RECORDS SHOWN:
################

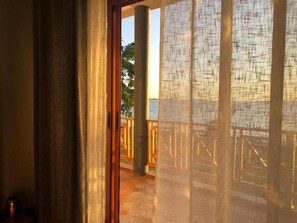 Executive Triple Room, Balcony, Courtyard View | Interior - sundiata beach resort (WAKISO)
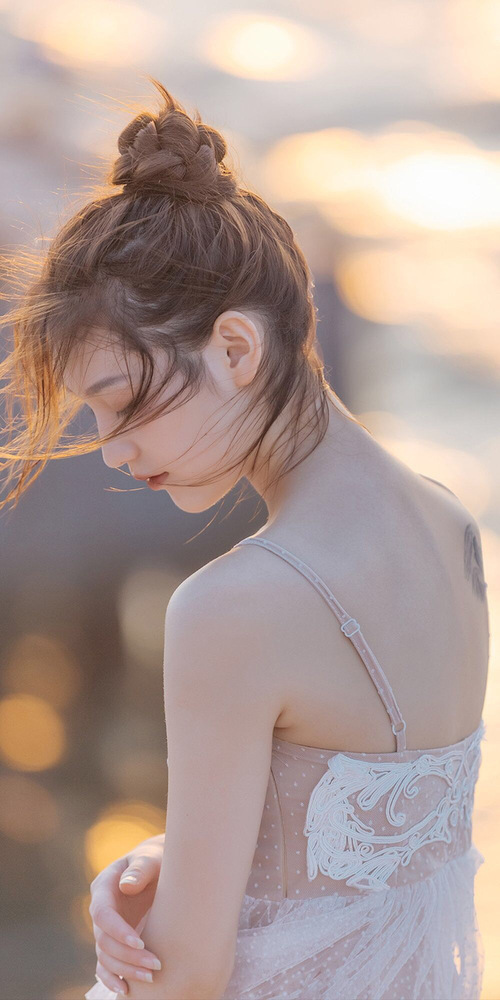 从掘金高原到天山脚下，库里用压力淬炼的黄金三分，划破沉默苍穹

################

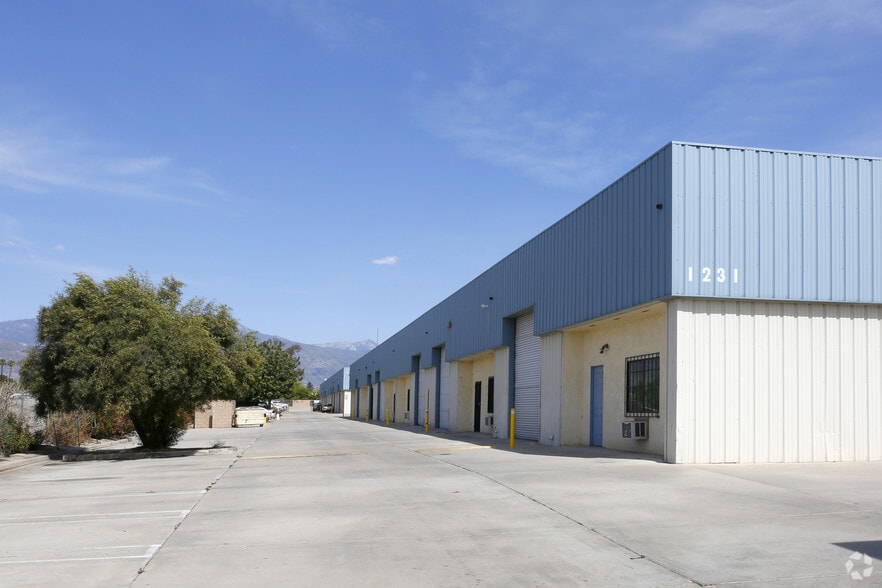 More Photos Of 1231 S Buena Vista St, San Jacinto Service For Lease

################

TASK INSTRUCTIONS: Everything above from the line containing "Executive Triple Room, Balcony, Courtyard" through the line containing "从掘金高原到天山脚下，库里用压力淬炼的黄金三分，划破沉默苍穹" must be repeated exactly, and the pictures must be left out.

RESPONSE AREA:
 Executive Triple Room, Balcony, Courtyard View | Interior - sundiata beach resort (WAKISO)
 从掘金高原到天山脚下，库里用压力淬炼的黄金三分，划破沉默苍穹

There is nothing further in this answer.